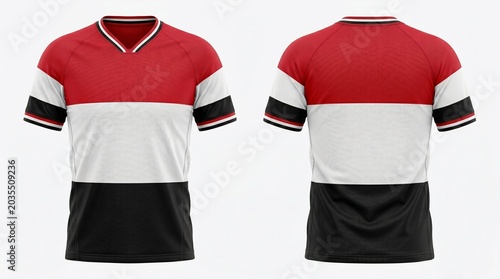Front and back view of a red, white, and black soccer jersey mockup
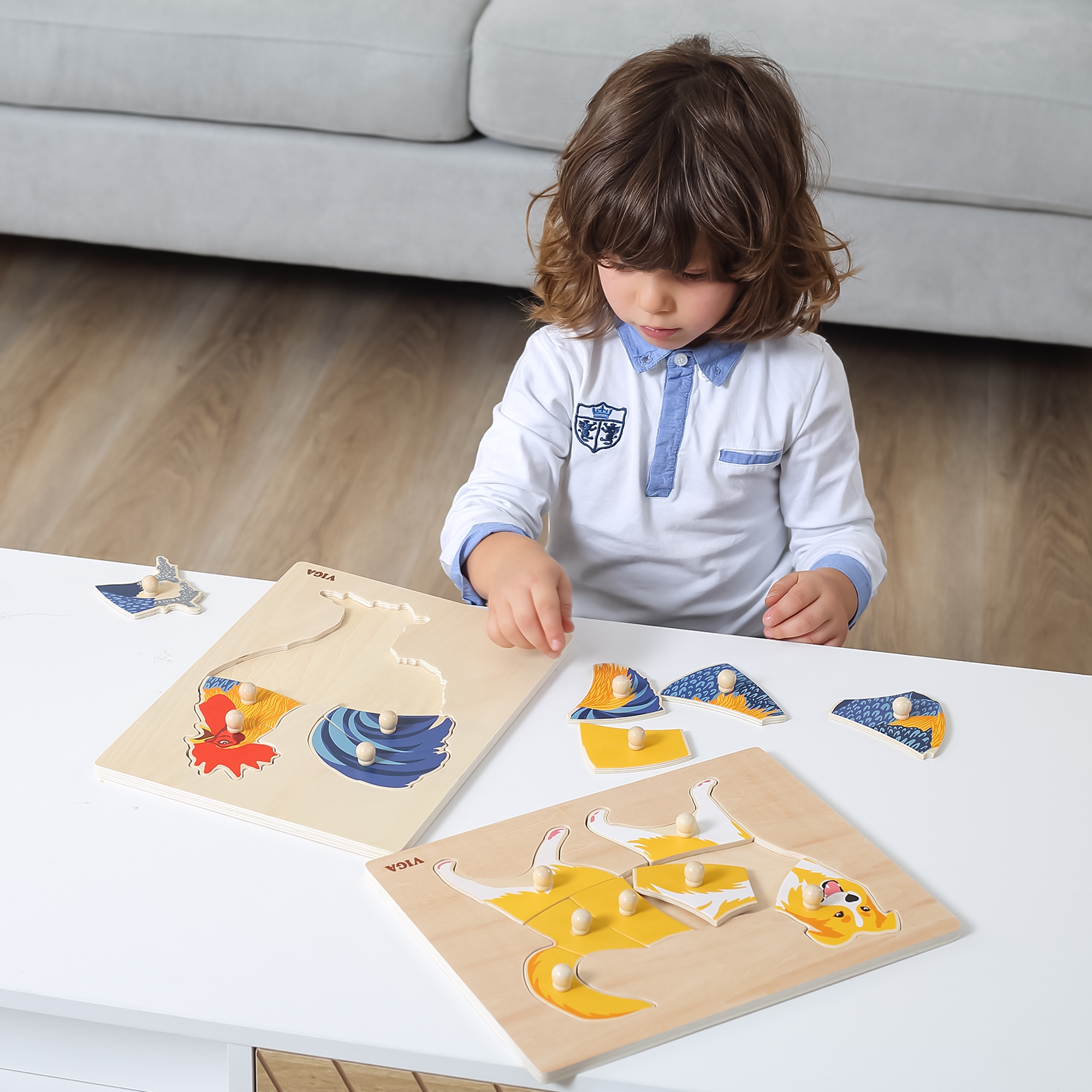 VIGA Drewniane Puzzle Montessori Kogut z Pinezkami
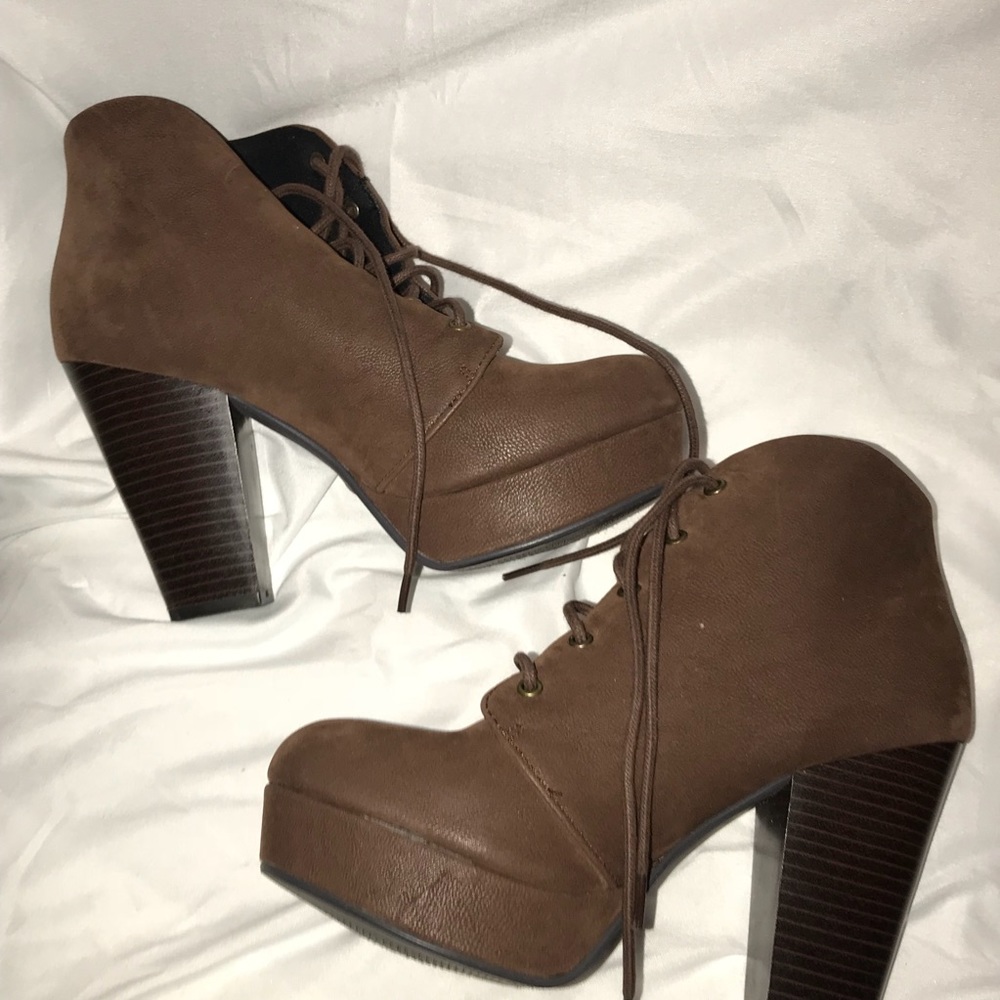 Brown Platform Booties - image 6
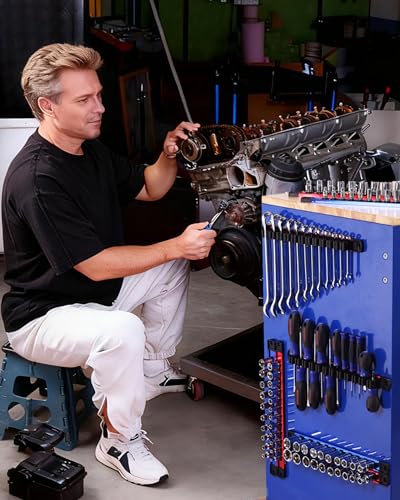 WORKPRO 8-Piece Magnetic Socket and Screwdriver Organizer Set | 6-Piece 1/4", 3/8" & 1/2" Drive Metric & SAE Socket Rails, 2-Piece Screwdriver and Wrench Holders - size: 6pc Socket Rail & 2pc Screwdriver Rail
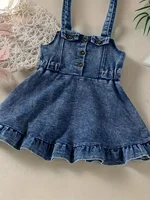 Robe barboteuse en Denim pour bébé fille, salopette dos nu, vêtements à la mode pour enfants 4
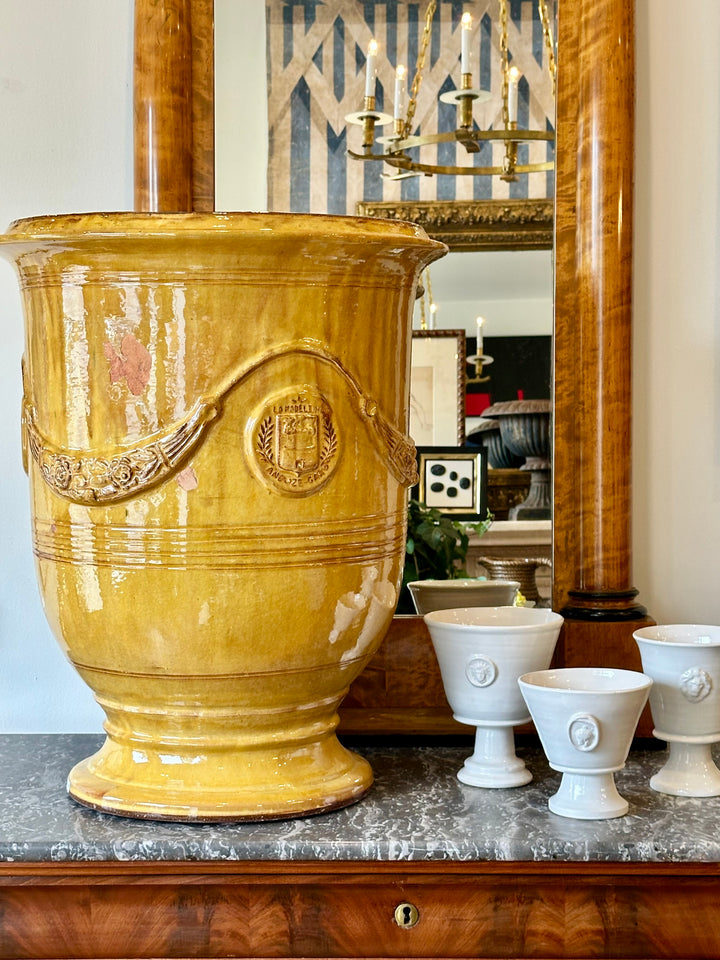 French Anduze Pot with Ochre Glaze by La Madeleine, Circa 1900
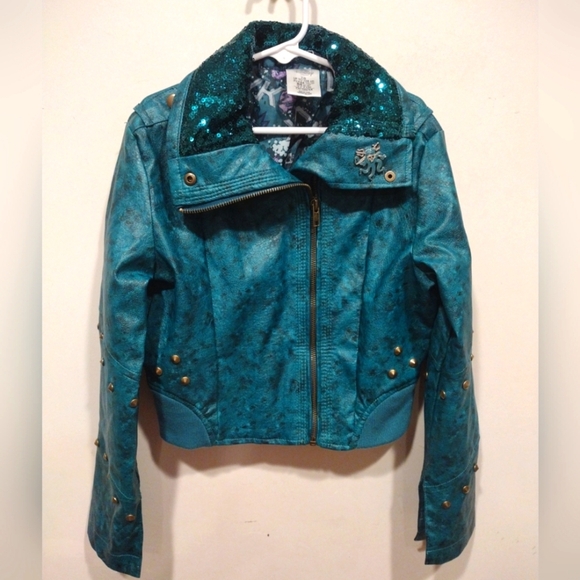 Disney Other - Disney Store Descendants Uma Faux Leather Moto Jacket Girls 7/8 Costume Cosplay
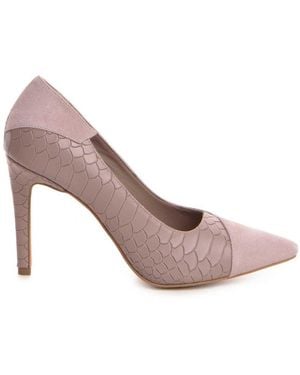 The 5Th Element Neutrals Selma Dusty Lilac Print Stiletto Court Shoes - Pink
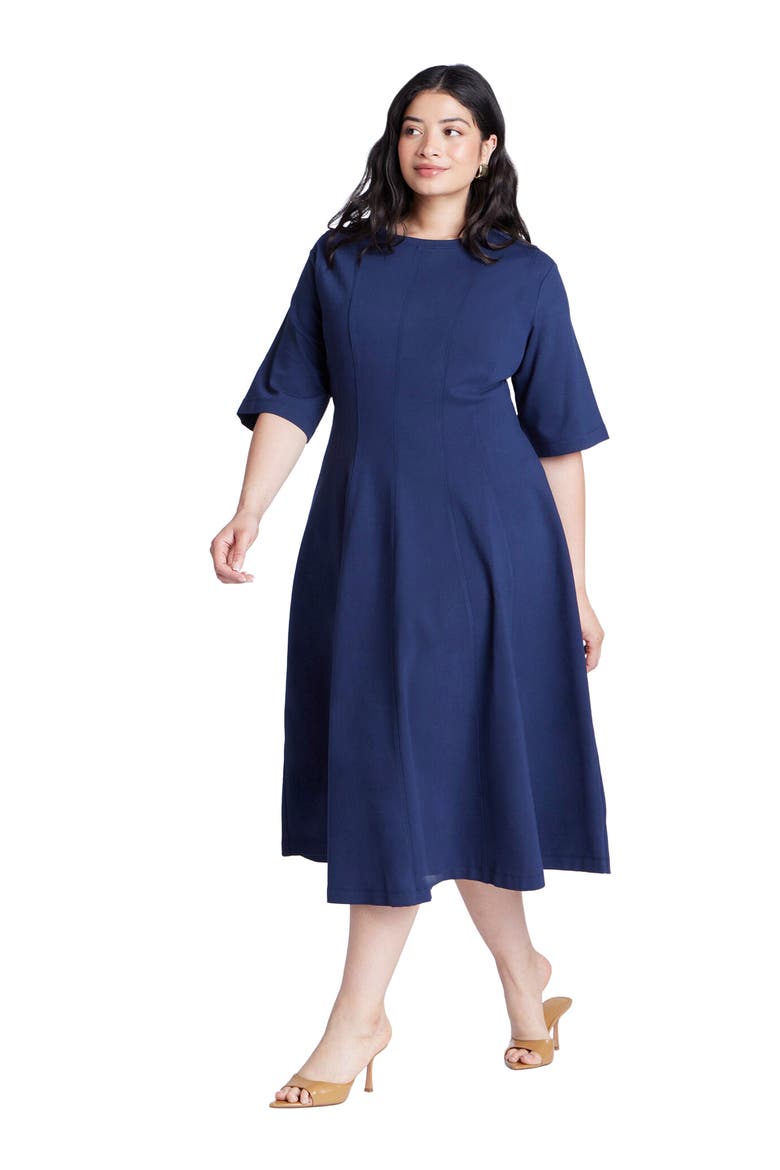 Seam Detail Ponte Work Dress, Alternate, color, RICH NAVY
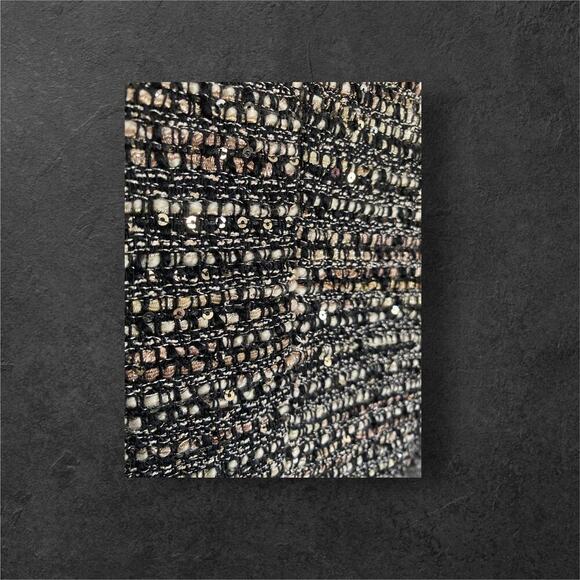 BOSTON PROPER Parisian Tweed Blazer Jacket Bronze Chain Sequins Size 6 - Picture 6 of 9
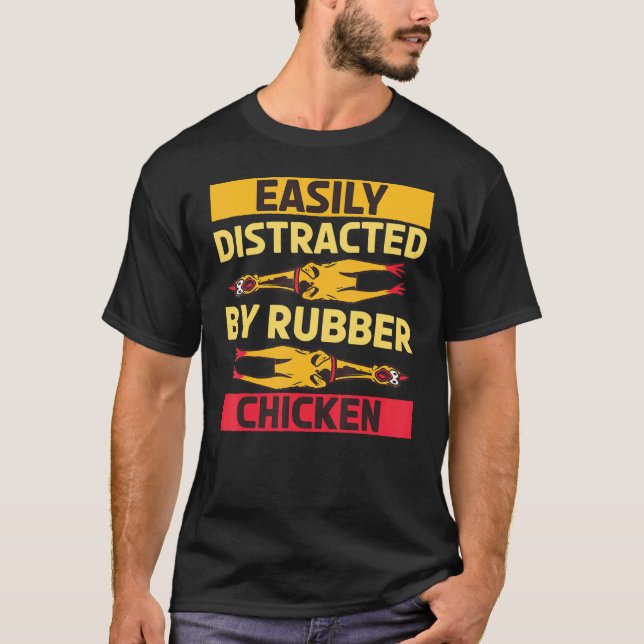 Camiseta Ave de Borracha Facilmente Distraída  1 (Frente)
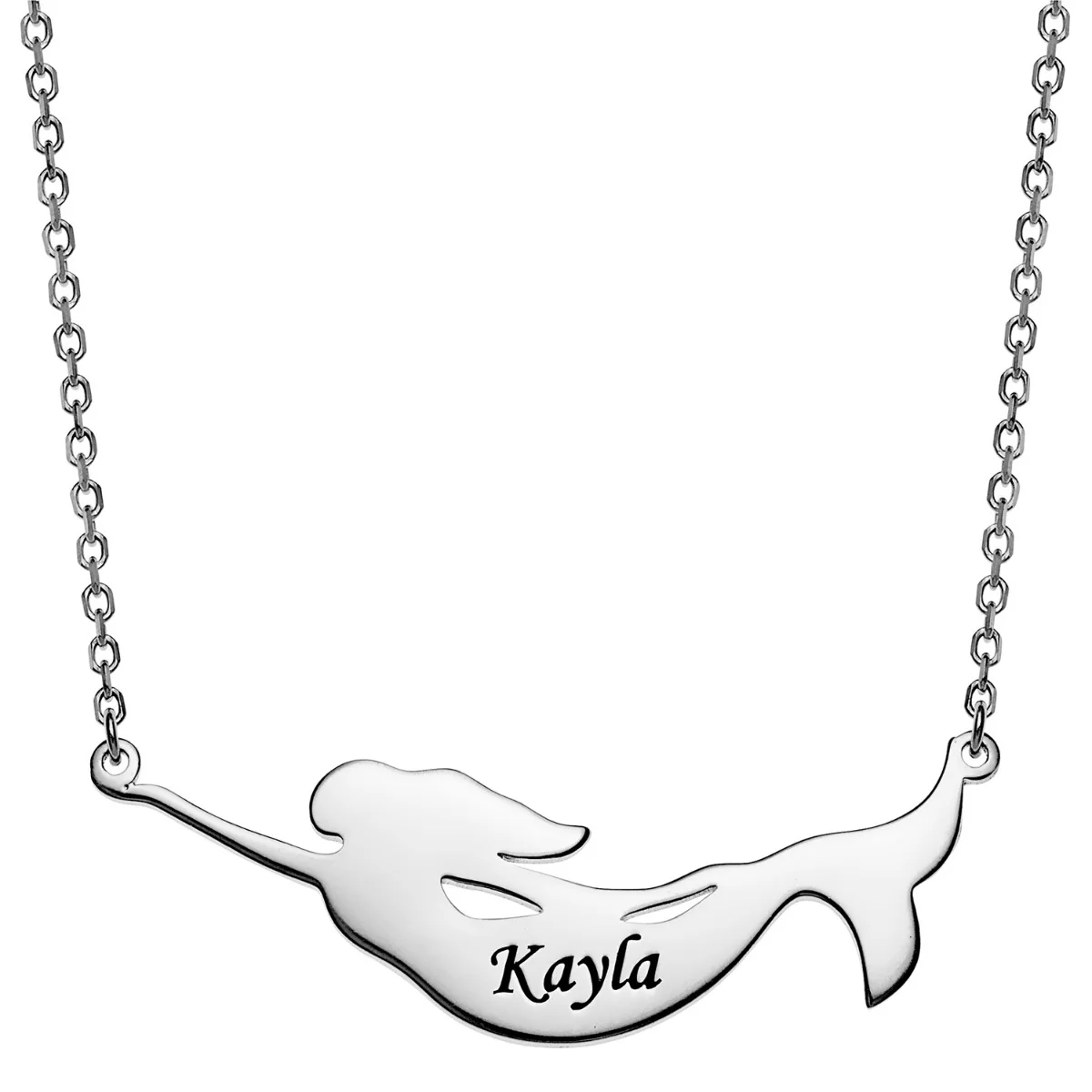 Sterling Silver Mermaid Name Pendant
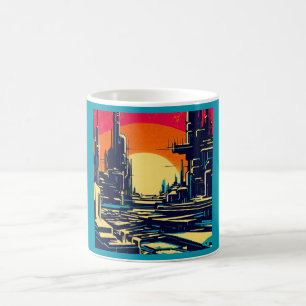Taza De Café SF Futurista City Woodcut 1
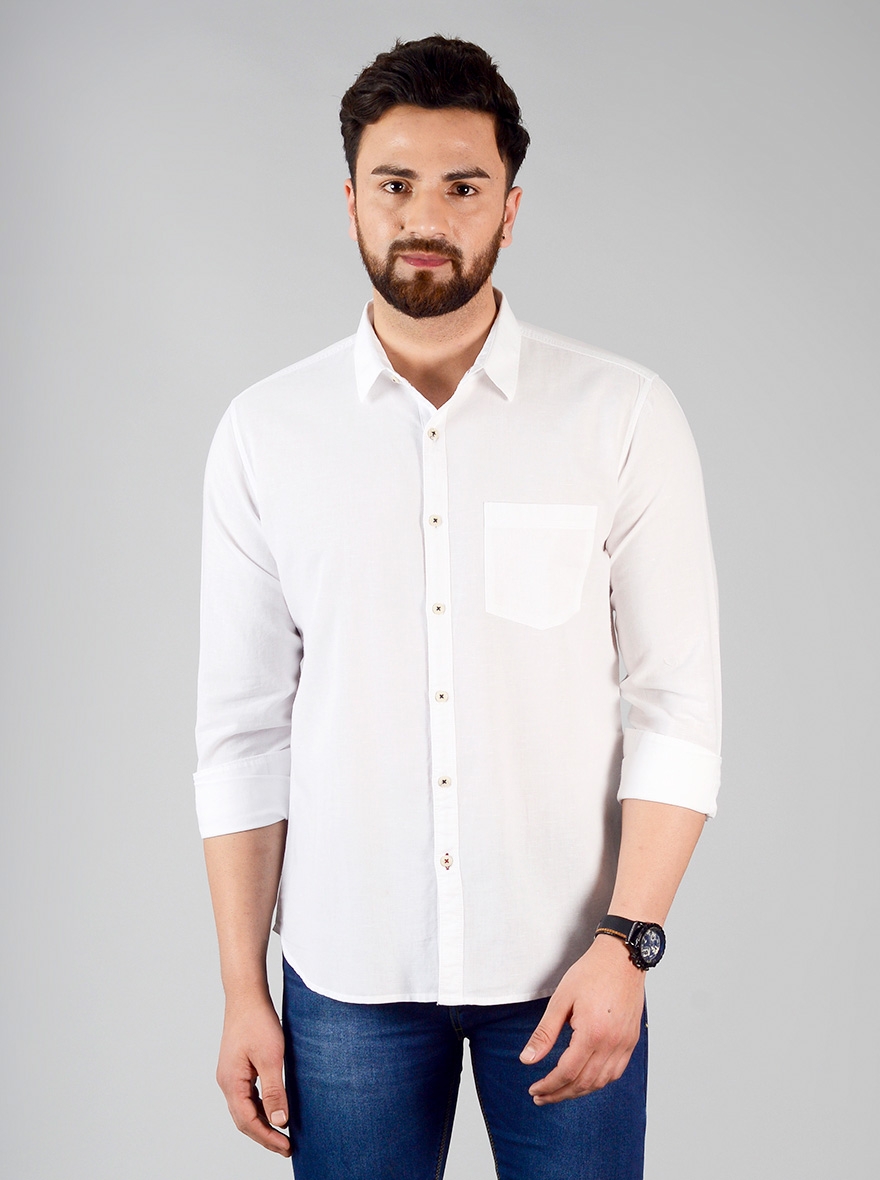 Bright White Solid Slim Fit Casual Shirt | Greenfibre
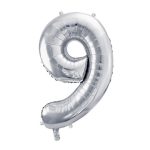 Srebrni balon broj 9 sa helijumom – sjajni srebrni folija balon u obliku broja 9 veličine 102cm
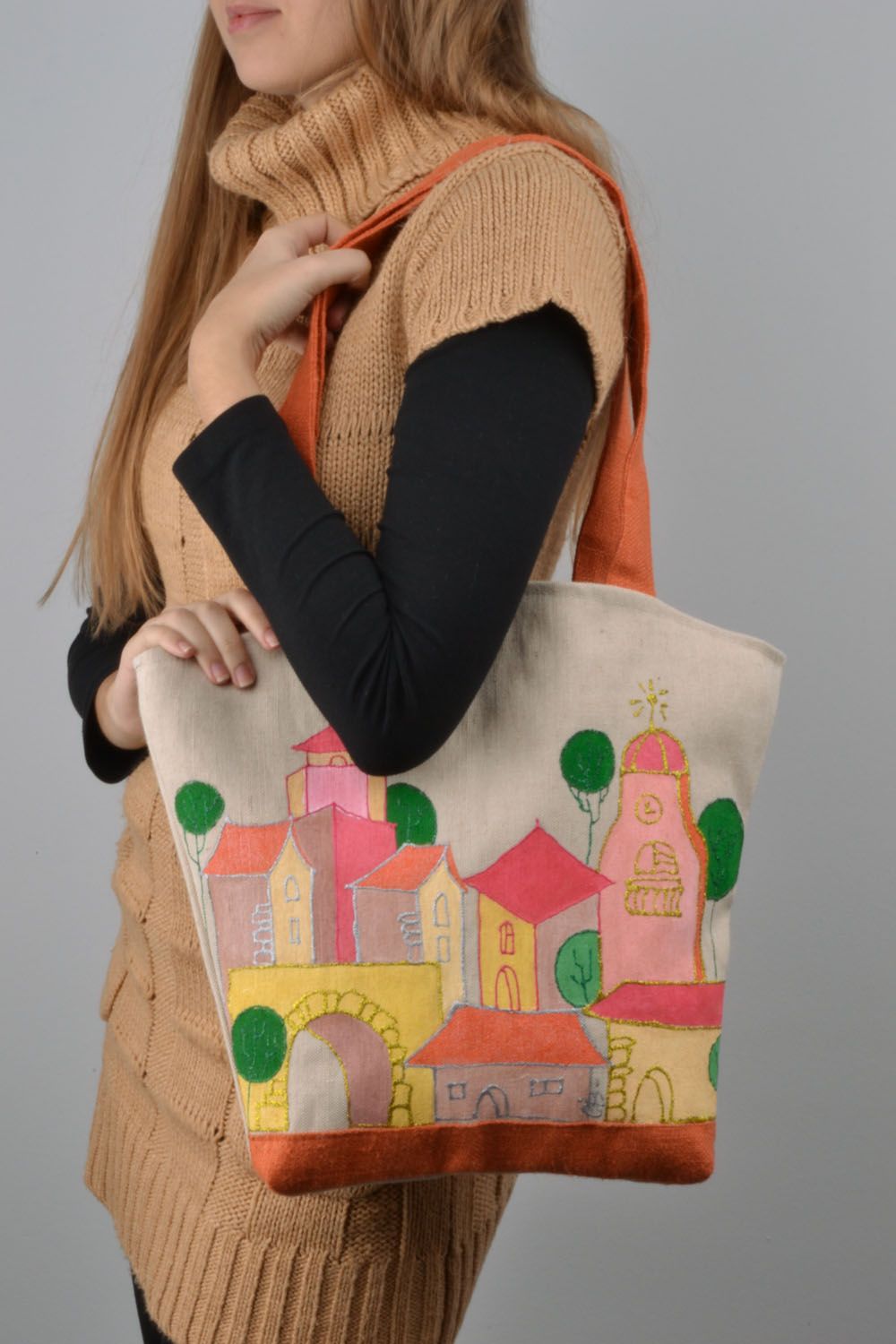 Fabric bag with painting photo 1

§ **Exercise instructions**: Give back exactly the lines from the line with "Seam Detail Ponte" through the end of the material above, inclusive, with no pictures.

§ **Worked solution**:
 Seam Detail Ponte Work Dress, Alternate, color, RICH NAVY
 BOSTON PROPER Parisian Tweed Blazer Jacket Bronze Chain Sequins Size 6 - Picture 6 of 9
 Camiseta Ave de Borracha Facilmente Distraída  1 (Frente)
 Sterling Silver Mermaid Name Pendant
Taza De Café SF Futurista City Woodcut 1
 Bright White Solid Slim Fit Casual Shirt | Greenfibre
 Srebrni balon broj 9 sa helijumom – sjajni srebrni folija balon u obliku broja 9 veličine 102cm
 Fabric bag with painting photo 1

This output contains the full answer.